Kaum Radikal Menyasar Seluruh Elemen - Jampang Media

Breaking

Senin, 29 Juli 2019

Kaum Radikal Menyasar Seluruh Elemen

Reporter : Andi Supriadi
Sumber foto: Andi Supriadi
MediaJampang.co.id,- Kelompok kaum radikal dalam mengembangkan sayapnya melalui berbagai celah. Mereka menyasar ke seluruh elemen seperti wilayah kampus, birokrat, pengusaha strategis. Kelompok ini juga diperkirakan telah masuk dunia hiburan, mereka menyasar ke para selebriti, artis. Pelajar, atlet tenaga pendidik yang berprestasi juga tak luput dari incarannya.

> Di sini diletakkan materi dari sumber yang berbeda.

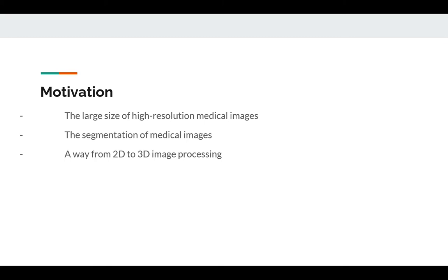The second motivation is the segmentation problem. The segmentation of medical images is a classical and very important problem which should be focused on. The third motivation is the move from 2D to 3D image processing, because there are a lot of medical images which are 3D instead of 2D, such as MRI images. In our work, we proposed a way to go from 2D to 3D image processing.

Hal tersebut diungkapkan Pengurus Pusat GP Ansor, KH. Ahmad Nadhif, Lc., ME.  pada acara Talk Show, dengan tema "Membaca Peta Pergerakan Radikalisme Indonesia", di Aula Ponpes Wali Semarang Jawa Tengah, yang diselenggarakan oleh Ponpes Wali Semarang, Pimpinan KH. Anis Maftuhin, Minggu (28/7/2019). Hadir sebagai pemateri KH Ahmad Nadhif (Pimpinan Pusat Gerakan Pemuda (PP GP Ansor), Dr. Sidqon Maesur (Ketua OIAAI Jateng), dan Marbawi A Katon (Ketua Umum GNKRI).

Lebih lanjut, dalam paparannya, Pengurus Pusat GP Ansor, , KH Ahmad Nadhif, Lc, ME, mengatakan bahwa Strategi yang dilakukan adalah menggunakan kelompok yg berpengaruh yang mampu memberikan sugesti ke masyarakat sehingga memudahkan untuk melakukan doktrinisasi.

"Cara pandang dalam konsep bernegara sangat berbeda dengan kaum Islam Indonesia pada umumnya. Gerakannya eksklusive karena menganggap bahwa paham mereka ini adalah paling benar. Dalam berbagai kesempatan mereka selalu mempertentangkan sunah vs tradisi yaitu menolak segala tradisi karena dinilai tidak ada sunnahnya", katanya.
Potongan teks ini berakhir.